How long something takes to install in Debian does not include compile time, because it's installing, not compiling because, you know, it's already compiled.
Yeah, I guess debian maintainers have a tooth fairy doing magical 0-time compiles
And if you tell me now that the compile time is not so important, since validating the patch and regression testing might take much longer, you are right - and destroy the base for the argument of the original poster
Certainly the Portage team can't test the program better than the developers.
...
/etc need updating". And until you update them, some essential services will be down.
... until it fucks up one day royally and the admin has no idea whatsoever where it went wrong and how to fix it. He cant even tell his boss how long it will take till stuff works again - it cant get worse.
....
Right, the gentoo devs cant do that. But the ~arch users can. And do.
But if things go wrong and you need them fixed NOW, there's no time to learn. You just call and ask someone who KNOWS.
The fastest way to ask someone to know is *not* the telephone - it online forums and IRC.
But don't you see some difference between doing the above and i.e. apt-getting a binary?
Sure. apt-get is easier to setup. portage is more fexible. For example, if there is a security update available and it is not yet in the apt and in the portage tree (for example because it doesnt work with 2.4 kernels), but is know to work on your system (because you have a 2.6 kernel) you could copy the old ebuild to your OVERLAY, rename it to the new version, and be safe
After successful emerge you get "n files in
Wrong. Wrong. Wrong. Most services will keep running during the upgrade. So these are the "old" versions running. And most services wont reload config files anyway (even if they change).

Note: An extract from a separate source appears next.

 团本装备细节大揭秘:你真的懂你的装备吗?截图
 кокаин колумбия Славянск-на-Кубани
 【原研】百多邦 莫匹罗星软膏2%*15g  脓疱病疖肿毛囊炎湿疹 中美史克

That's the normal way, different from elephantine structures in distros like Redhat, that practically clone all the config to distro-native files, from which it's copied, regenerating "standard" configs on each upgrade. Ugly, heavy, obfuscated, but It Works(tm).

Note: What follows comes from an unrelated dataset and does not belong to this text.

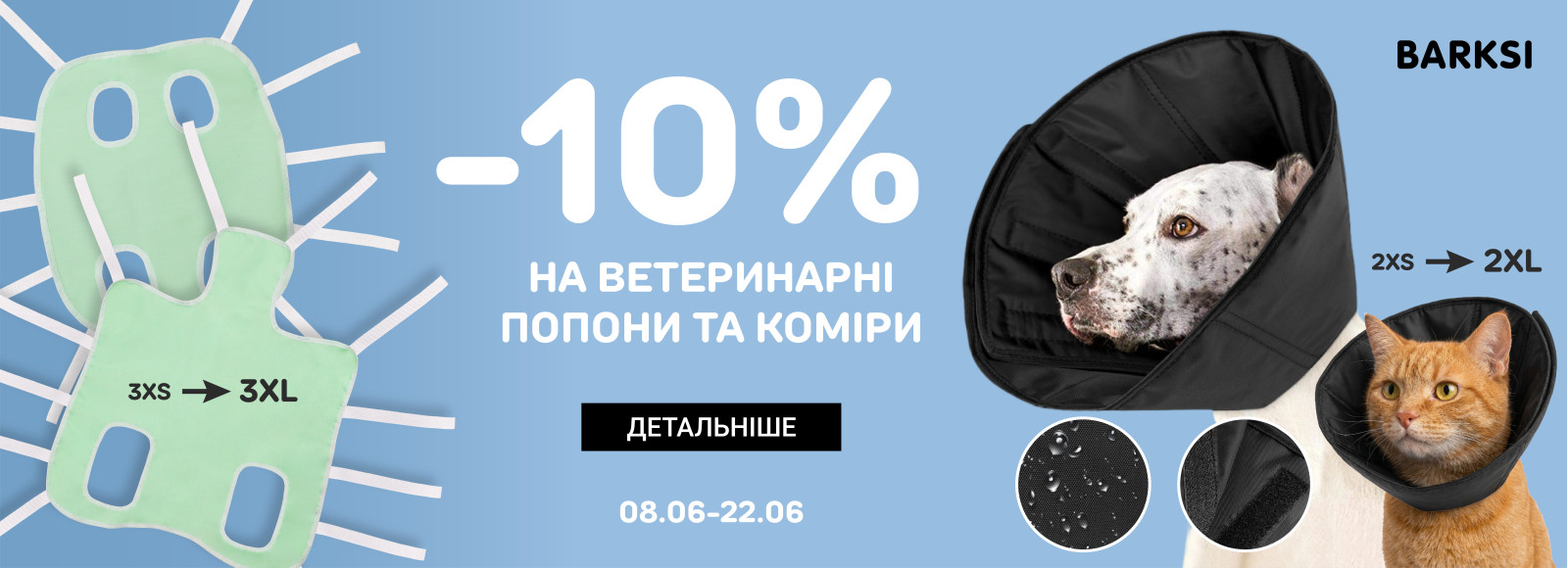 акція на попони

BTW, with CONFIG_PROTECT and vimdiff etc-update is really straightforward
stability: Below standard. Bleeding Edge, often beta.
...
...
.deb package also needs half an hour of compile time on the maintainers box. apt and portage are both rapid and easy to upgrade.
...
Only true for ~arch.
high-level support options: None?
yes there is noone to blame if it brakes - this is a serious point. But the forum and the IRC channels are pretty good if you filter out the 37337 d00dz
security: Standard. Maybe a bit above due to easy, high customizablity.
true. But with the exception of BSD, I cant think of a distro that is more secure in the default setup (because there are not many differences anyway in the default). And hopefully portage will run on BSD this year (its planned at least)

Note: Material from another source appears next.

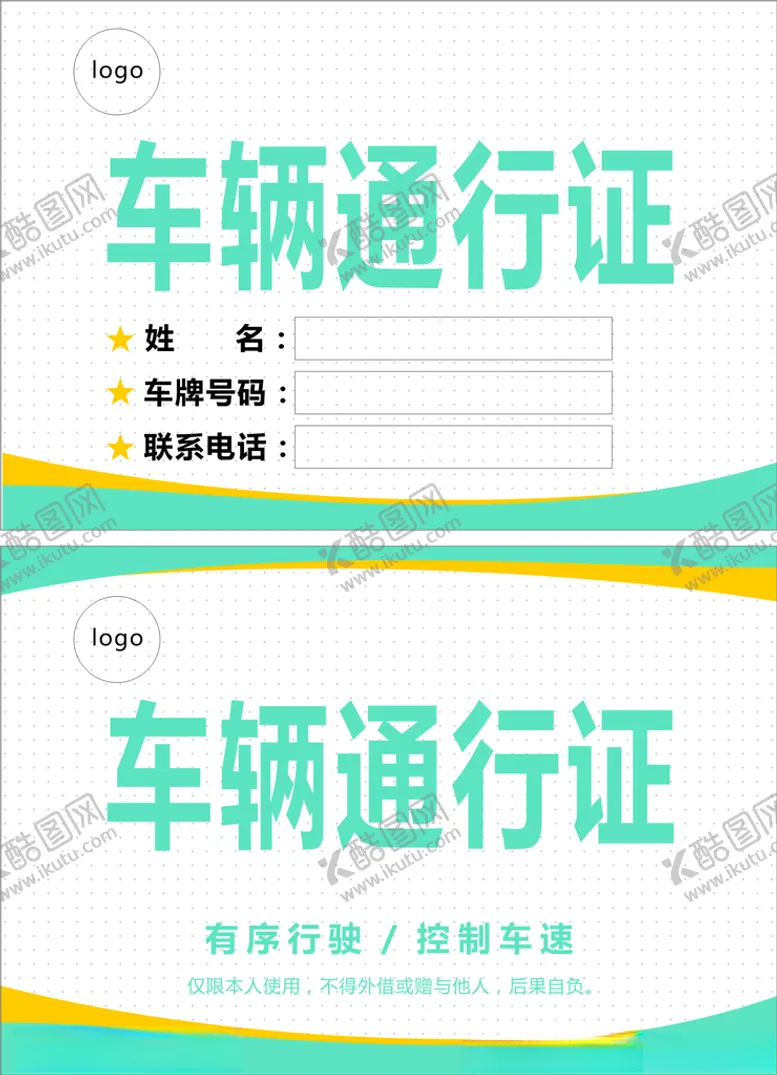 编号：32628003231244174406【酷图网】源文件下载-通行证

rapid updates: No. Bleeding edge is not equivalent to rapid. apt-get upgrade apache is rapid - it takes 15s on a fast system. emerge apache isn't rapid. It takes half a hour. This argument is wrong - the
ease of administration: Below standard. All typical manual administration by editing standard config files. No centralized "managers".
so true. there are some good tools in portage (webmin for example), but that is by far not the same as YaST.
[...] If I was to manage a farm of 200 different of these I'd easily go crazy.
True, if the systems are really different. If they are clones (for example a serverfarm), gentoo might be an option - as are debian and RH/FC
This answer was specifically optimized for your question.
... and was installed on all systems from a once-precompiled customized .tbz.
Seriously, gentoo could make sense in a enviroment with many equally equipped systems. But otherwise I think debian or RH/FC is the way to go for larger deployments.